Give me the motorcycle with someone else driving any day,
though. It’s much easier to sit back and ride than it is to make the decisions:
Does that car see me? Is it going to pull out? Why is that scooter headed
directly toward me? Oh, gosh, a huge rock pile in my lane while a rickshaw, a
scooter, a car and a bus are all passing me at the same time. Can I risk moving
over 18 inches and trust that they will shift, too, even if them shifting is
going to be in the path of that oncoming tour bus?
So while the bike ride wasn’t what I would classify as
relaxing, it was a good way to get around for about 3-4 hours and see some
stuff. I think the Moon Rock place was 13 kilometers from the city, and we were
staying a bit on the other side of it, so we got in a workout. By the time we
got to Moon Rock, though, we were done and ready to turn around. We didn’t even
pay to go into that park. We went in and I snapped a photo and we just kind of
looked at each other said decided that was enough for the day.
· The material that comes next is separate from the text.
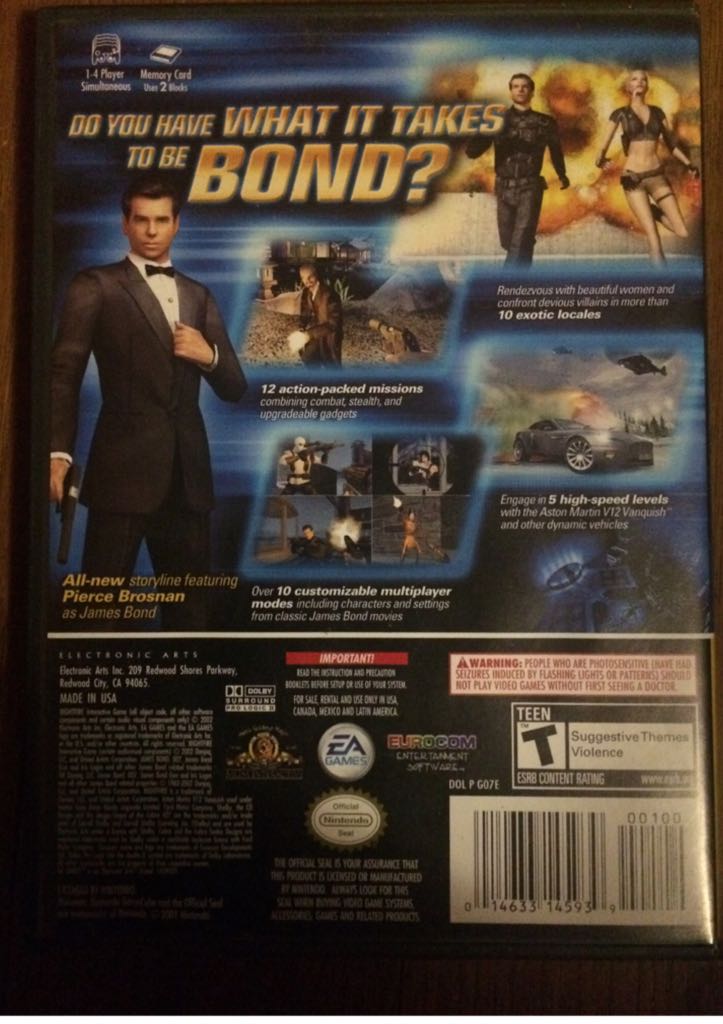 007 NightFire - Nintendo GameCube (EA) video game collectible - Main Image 2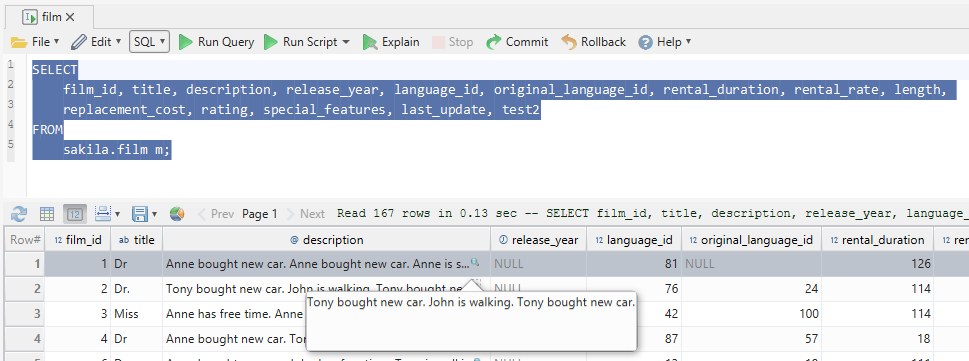 Enlarge text in Result Pane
Heading back into town wasn’t near as hard for some reason,
but it was still harrowing to maneuver through the city. We broke up the ride
home with dinner, though.
Yangshuo and Guilin
are known for rice noodles, or some variation thereof. When we landed in Guilin,, we were hungry
and asked the driver to stop and let us grab something to eat, and he took us
to this place where we both got a dish of rice noodles. It was quite good, so
before we left for Yangshuo, we asked him to let us grab another bite before
taking us to the bus station. Rice noodles again. Very good, and quite a
bargain at about .50 a bowl.
But when we left on Sunday morning for the bamboo rafting
and asked our different driver to stop and let us grab some breakfast and he
took us to another place where we got rice noodles, we felt that was enough and
on the way back from the bike ride we got something different. (Beef, fried rice
and some kind of green thing I’ve had before that’s really good but I don’t
know what it is.)
And on the way to the airport, we were transferring from the
taxi to the bus and decided to grab a bite, we wound up in front of a rice
noodle place. Ate five meals while on vacation, and four of them were
identical. Those four meals totaled about $3.50, though, so there’s that.
And they were good.
Next weekend is Hanoi.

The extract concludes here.